• [Activity]:
In the entries below, find the line with "Pour lutter contre" and the line with "selcen hatun anaokulu"; copy them and every line between them exactly, but not the pictures.

━━ Given entries ━━

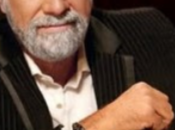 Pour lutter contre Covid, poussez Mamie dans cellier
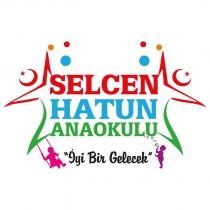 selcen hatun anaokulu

━━━
━━ Given entries ━━

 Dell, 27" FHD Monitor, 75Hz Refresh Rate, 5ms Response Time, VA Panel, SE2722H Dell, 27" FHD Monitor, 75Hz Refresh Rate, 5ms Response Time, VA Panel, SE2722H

━━━

• [Response box]:
 Pour lutter contre Covid, poussez Mamie dans cellier
 selcen hatun anaokulu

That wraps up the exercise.